→ **What this task involves**
The lines below, from the one holding "718 E 27th Street" through the one holding "1959 Ford F500 S/A Winch Truck W/Gin Poles", are to be restated word for word, with all images left out.

→ **Dataset records**
^^^^^^^^^^^^^^^^

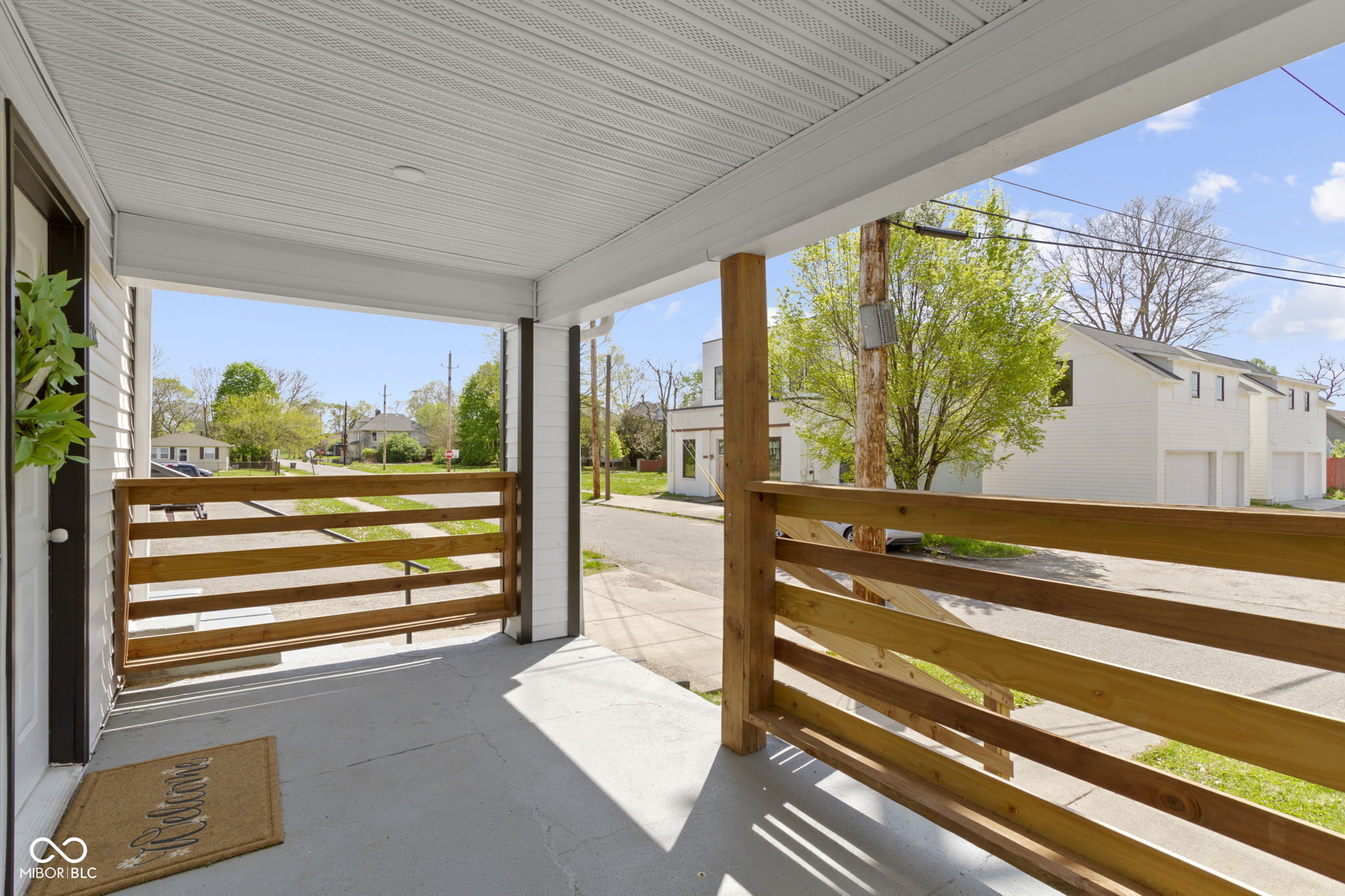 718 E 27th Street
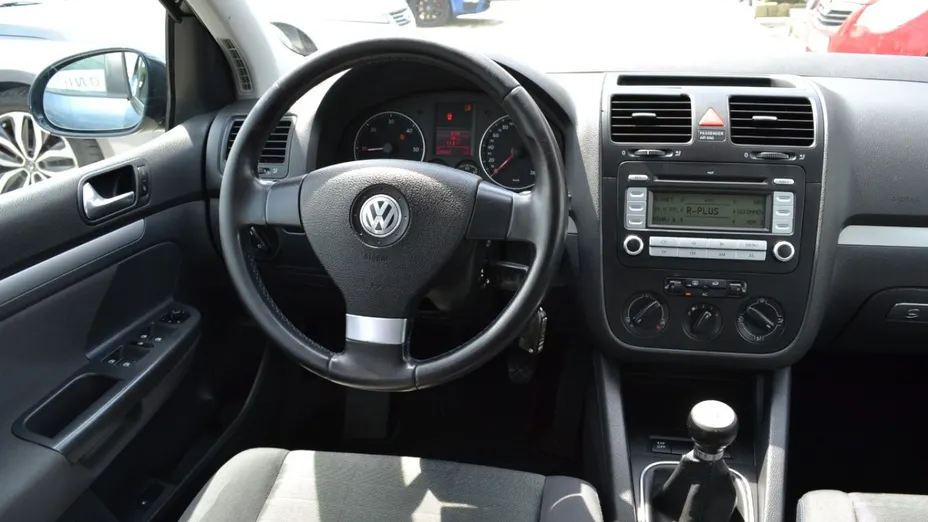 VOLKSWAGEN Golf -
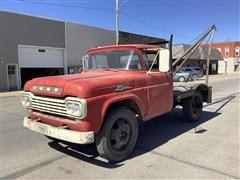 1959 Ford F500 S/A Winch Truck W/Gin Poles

^^^^^^^^^^^^^^^^

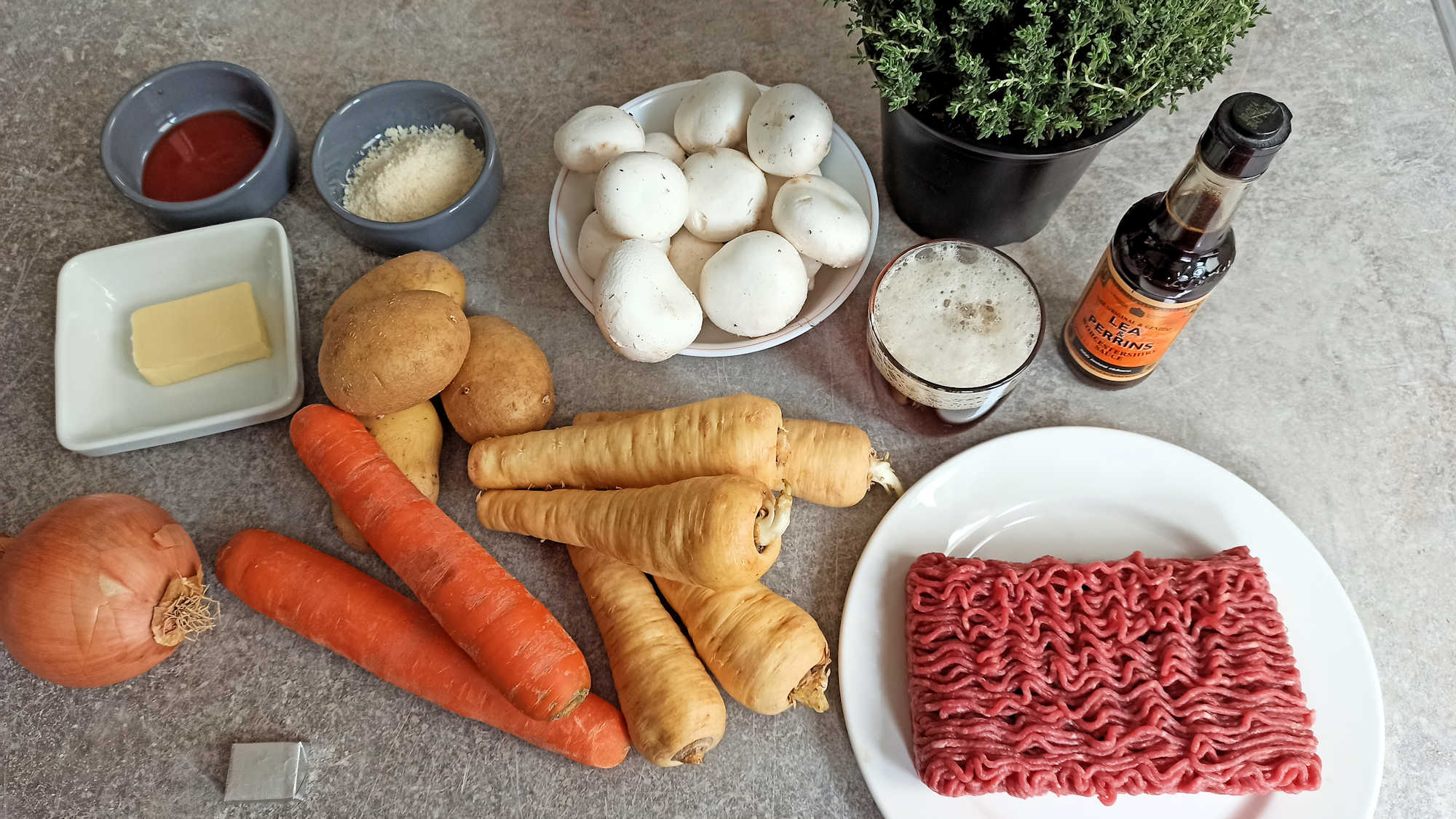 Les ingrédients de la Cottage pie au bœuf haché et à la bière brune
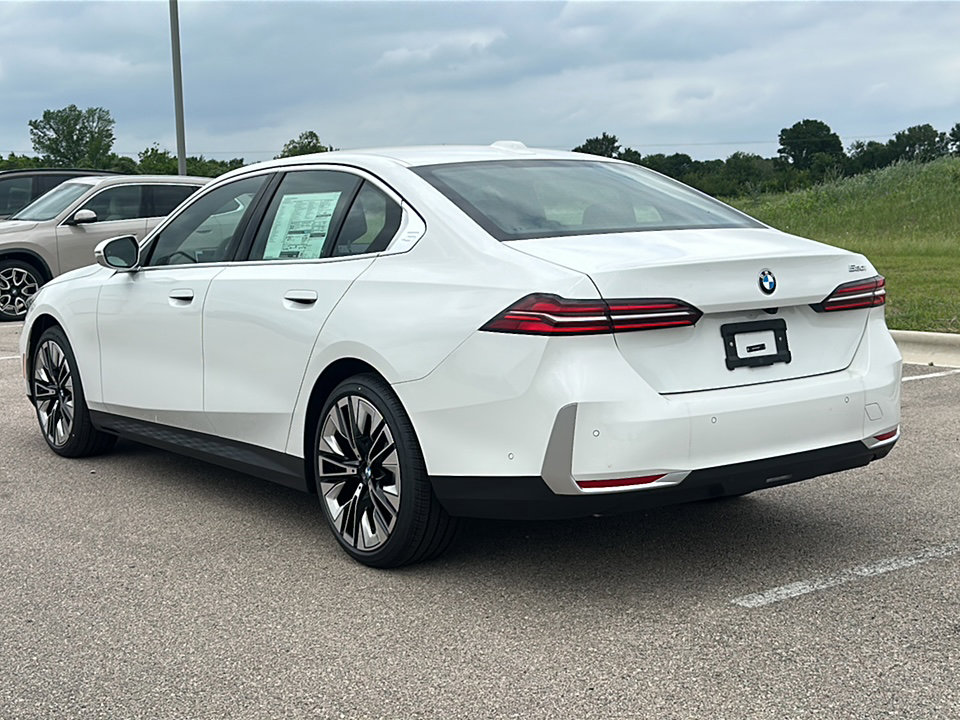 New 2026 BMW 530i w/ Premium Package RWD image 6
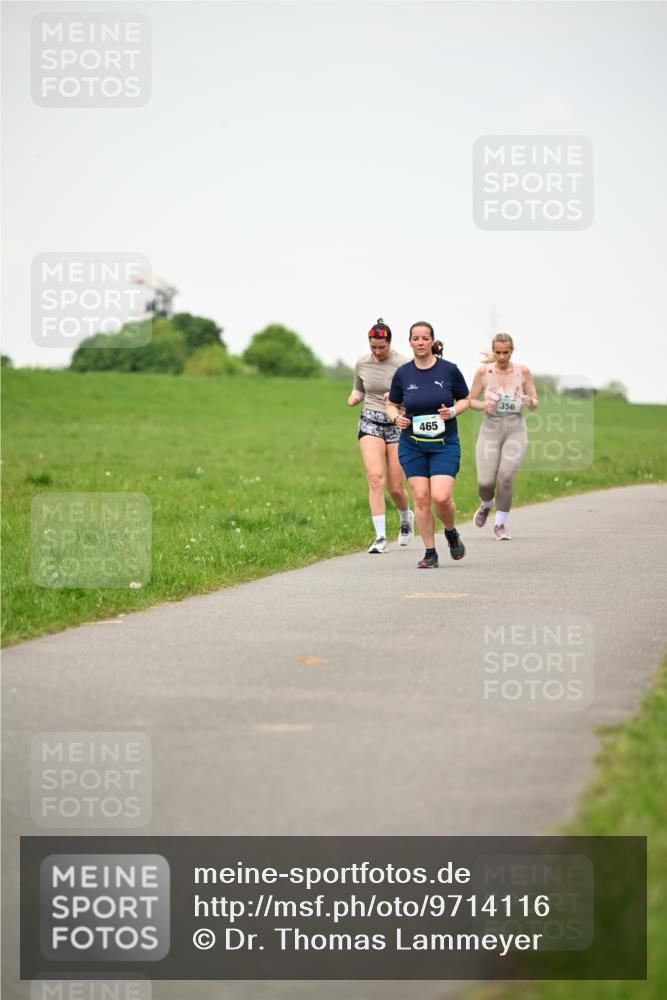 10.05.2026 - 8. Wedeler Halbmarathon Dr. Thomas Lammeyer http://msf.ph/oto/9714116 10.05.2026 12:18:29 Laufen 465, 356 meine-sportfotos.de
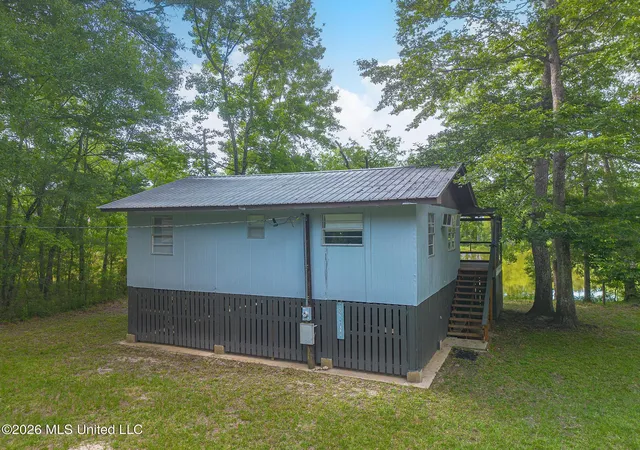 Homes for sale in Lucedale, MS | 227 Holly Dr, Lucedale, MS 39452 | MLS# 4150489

^^^^^^^^^^^^^^^^

→ **Response below**
 718 E 27th Street
 VOLKSWAGEN Golf -
 1959 Ford F500 S/A Winch Truck W/Gin Poles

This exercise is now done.